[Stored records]

——————

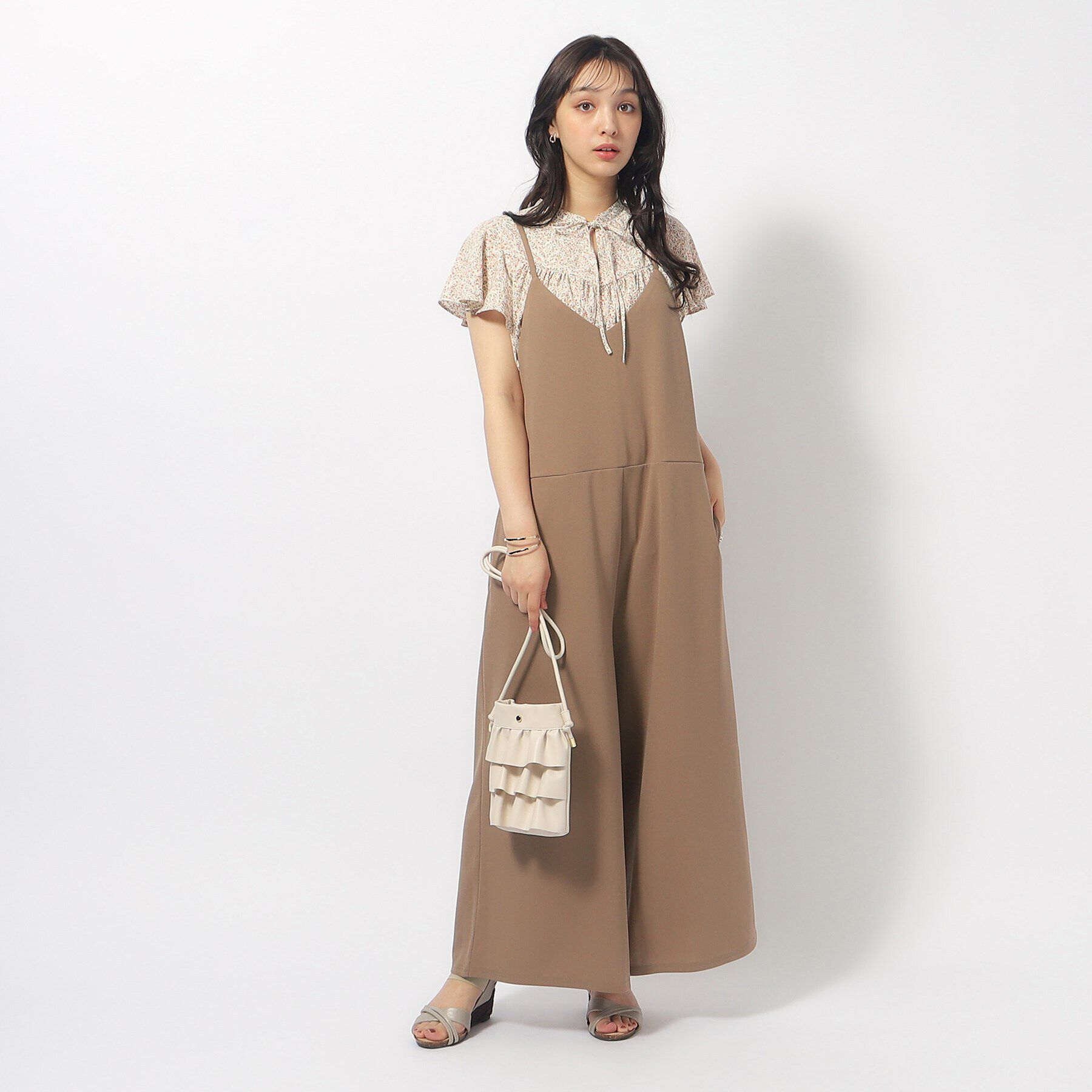 SHOO･LA･RUE「ぱっと着るだけで決まる 裏がさらさらカットジョーゼットサロペット」|オールインワン|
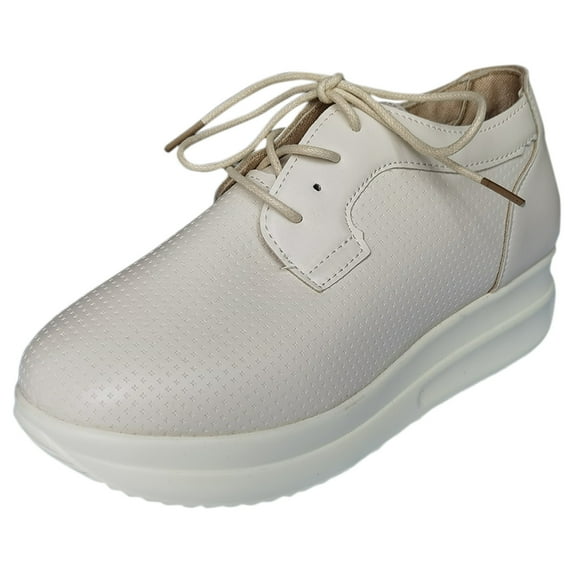 NOKIO Women's Slip On Breathable Mesh Walking Tennis Shoes Lightweight Comfort Wedge Platform Casual Sneakers Womens Ladies Fashion Platform Wedge Breathable Lace Up Sneakers Shoes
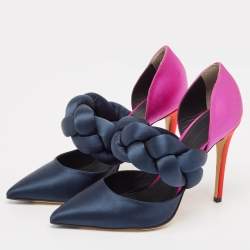 Marco de Vincenzo Multicolor Velvet  Braided Strap Pumps Size 38.5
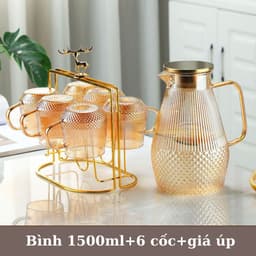 Bộ Bình Cốc Thủy Tinh Chịu Nhiệt Kèm Khay & Giá Úp – Bình 1.5L + 6 Cốc 280ml Có Quai, Bộ Bình Nước Sang Trọng Gia Đình 4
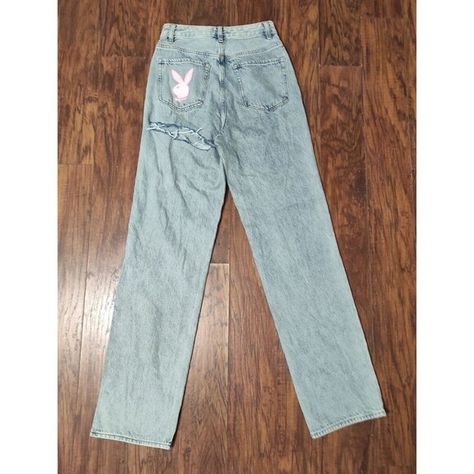 Playboy Jeans  PacSun Light Blue High Waist Boyfriend Bunny Patch size 26 90s Themed Outfits, Jeans Pacsun, Patch Jeans, Patched Jeans, Waist Jeans, Denim Fabric, Pacsun, High Waist Jeans, Vintage Look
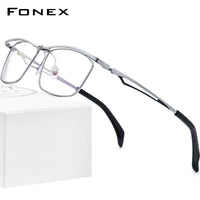 FONEX180°フリップチタンメガネフレームメンズスクエア光学メガネF8043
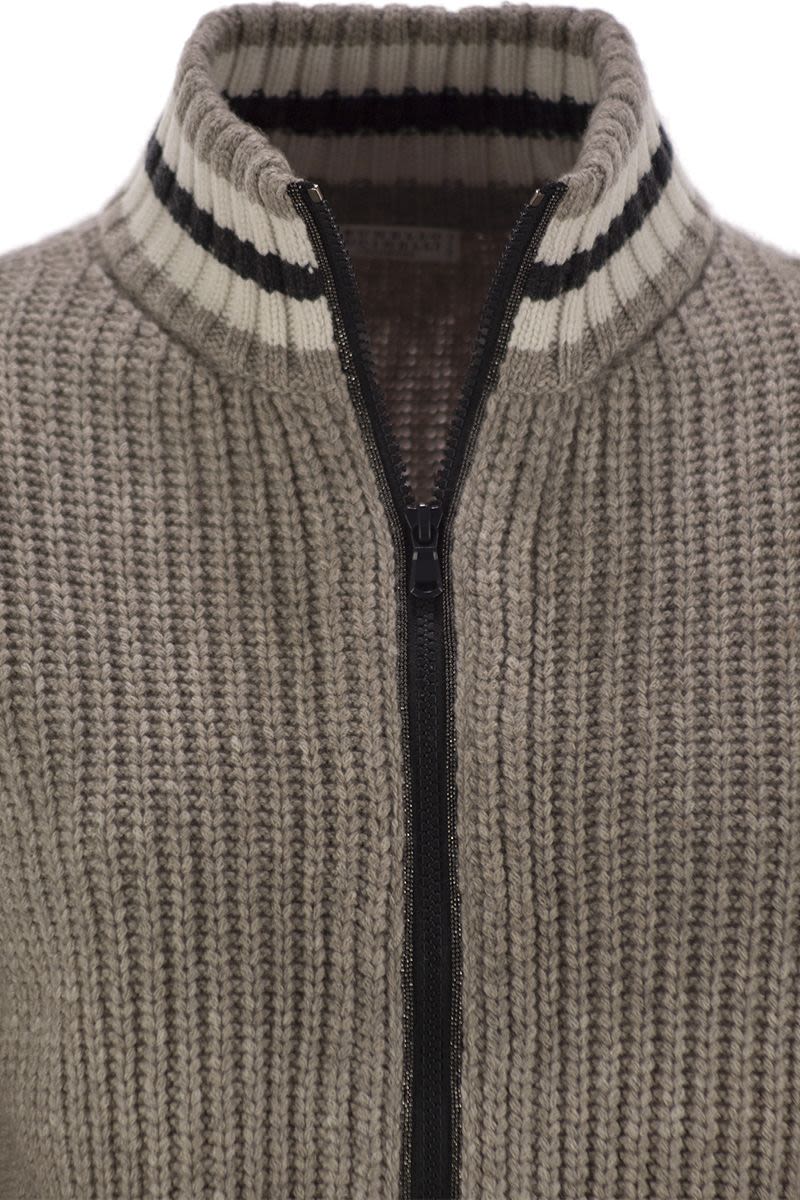 Cashmere Cardigan with Shiny Trims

——————

All lines from the start of the entries through the one with "Marco de Vincenzo" are to be output exactly; omit the pictures.

 SHOO･LA･RUE「ぱっと着るだけで決まる 裏がさらさらカットジョーゼットサロペット」|オールインワン|
 NOKIO Women's Slip On Breathable Mesh Walking Tennis Shoes Lightweight Comfort Wedge Platform Casual Sneakers Womens Ladies Fashion Platform Wedge Breathable Lace Up Sneakers Shoes
 Marco de Vincenzo Multicolor Velvet  Braided Strap Pumps Size 38.5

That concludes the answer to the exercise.